CELEX: 32021M10556
Language: en
Date: 2021-12-20 00:00:00
Title: Commission Decision of 20/12/2021 declaring a concentration to be compatible with the common market (Case No COMP/M.10556 - BELLIS / KKR / JAJA) according to Council Regulation (EC) No 139/2004 (Only the English text is authentic)

EUROPEAN COMMISSION
                                                                 Brussels, 20.12.2021
                                                                 C(2021) 9891 final
                                                                                 PUBLIC VERSION
                                                                 Bellis Phantom Holdco Limited
                                                                 13-14 Esplanade, P.O.Box 536,
                                                                 St. Helier
                                                                 JE4 5UR Jersey
                                                                 The Channel Islands
                                                                 KKR & Co. Inc.
                                                                 30 Hudson Yards
                                                                 NY 10001 New York
                                                                 United States of America
Subject:        Case M.10556 - BELLIS / KKR / JAJA
                Commission decision pursuant to Article 6(1)(b) of Council Regulation
                (EC) No 139/20041 and Article 57 of the Agreement on the European
                Economic Area2
Dear Sir or Madam,
1.      On 26 November 2021, the European Commission received notification of a proposed
        concentration pursuant to Article 4 of the Merger Regulation by which Bellis Phantom
        Holdco Limited (“Bellis”, United Kingdom), a special purpose vehicle jointly
        controlled by Mr. Mohsin Issa and Mr. Zuber Issa (the “Issa Brothers”) and TDR
        Capital LLP (“TDR Capital”, United Kingdom), and KKR & Co. Inc. (“KKR”, United
        States) acquire within the meaning of Article 3(1)(b) of the Merger Regulation joint
        control over the whole of Jaja Finance Holding (UK) Limited (“Jaja”, United
        Kingdom) by way of purchase of shares.3
1       OJ L 24, 29.1.2004, p. 1 (the ‘Merger Regulation’). With effect from 1 December 2009, the Treaty on
        the Functioning of the European Union (‘TFEU’) has introduced certain changes, such as the
        replacement of ‘Community’ by ‘Union’ and ‘common market’ by ‘internal market’. The terminology
        of the TFEU will be used throughout this decision.
2       OJ L 1, 3.1.1994, p. 3 (the ‘EEA Agreement’).

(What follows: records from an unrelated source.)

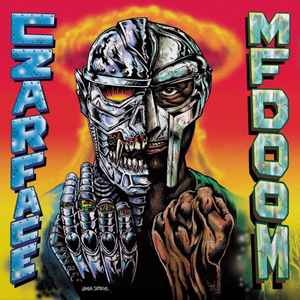 Czarface, MF Doom - Czarface Meets Metal Face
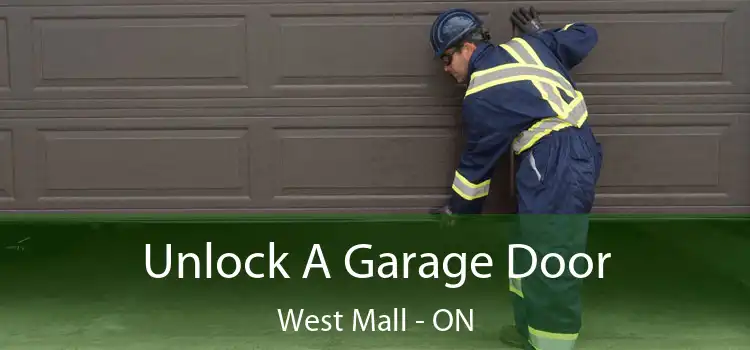  Unlock A Garage Door West Mall - ON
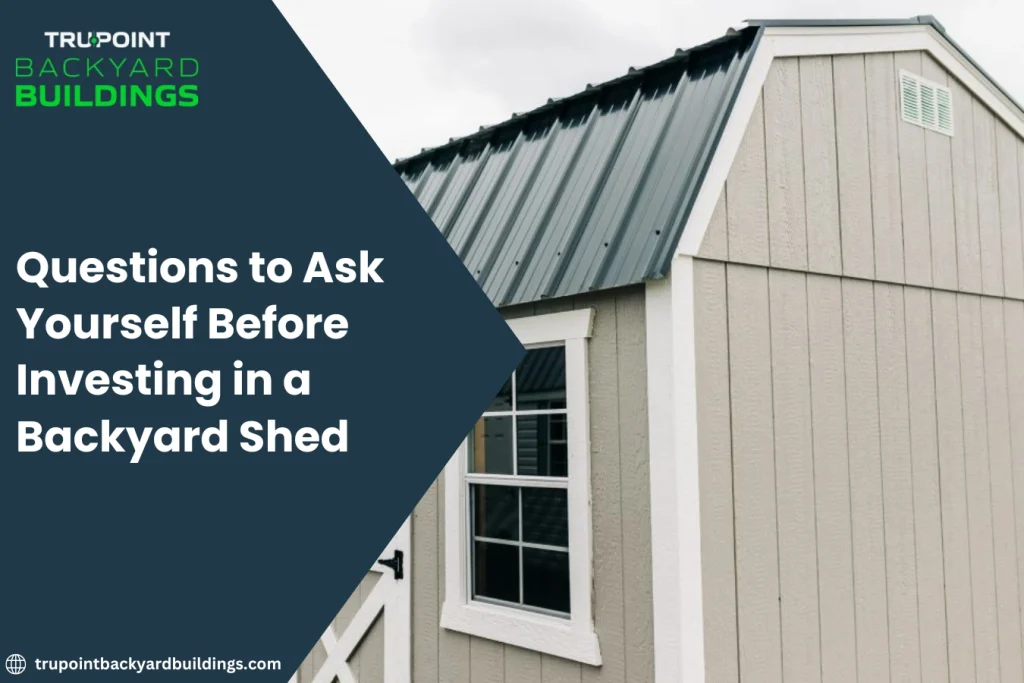 Questions to Ask Yourself Before Investing in a Backyard Shed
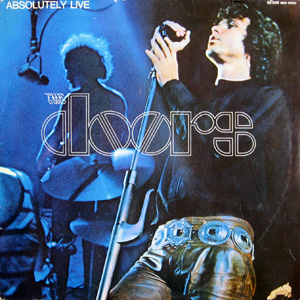 The Doors, Absolutely Live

3       Publication in the Official Journal of the European Union No C 489, 06.12.2021, p. 5.
Commission européenne, DG COMP MERGER REGISTRY, 1049 Bruxelles, BELGIQUE
Europese Commissie, DG COMP MERGER REGISTRY, 1049 Brussel, BELGIË
Tel: +32 229-91111. Fax: +32 229-64301. E-mail: COMP-MERGER-REGISTRY@ec.europa.eu.
 ---pagebreak--- 2. The business activities of the undertakings concerned are:
       The Issa Brothers are founders of the Euro Garages group, which is active in the
        operaton of petrol stations, convenience stores, car washes and fast food
        restaurants in the United Kingdom,
       TDR Capital is a private equity firm, active in a variety of sectors including motor
        fuel and grocery retail, gyms and health clubs, pubs and restaurants, debt
        purchasing, life insurance and others,
       KKR is a global investment firm that offers alternative asset management and
        capital markets and insurance solutions,
       Jaja is active in the UK in the provision of credit card issuing services and co-
        branded payment solutions.
3. After examination of the notification, the European Commission has concluded that
   the notified operation falls within the scope of the Merger Regulation and of
   paragraphs 5(a) and 5(b) of the Commission Notice on a simplified procedure for
   treatment of certain concentrations under Council Regulation (EC) No 139/2004.4
4. For the reasons set out in the Notice on a simplified procedure, the European
   Commission has decided not to oppose the notified operation and to declare it
   compatible with the internal market and with the EEA Agreement. This decision is
   adopted in application of Article 6(1)(b) of the Merger Regulation and Article 57 of
   the EEA Agreement.
                                                    For the Commission
                                                    (Signed)
                                                    Olivier GUERSENT
                                                    Director-General
4  OJ C 366, 14.12.2013, p. 5.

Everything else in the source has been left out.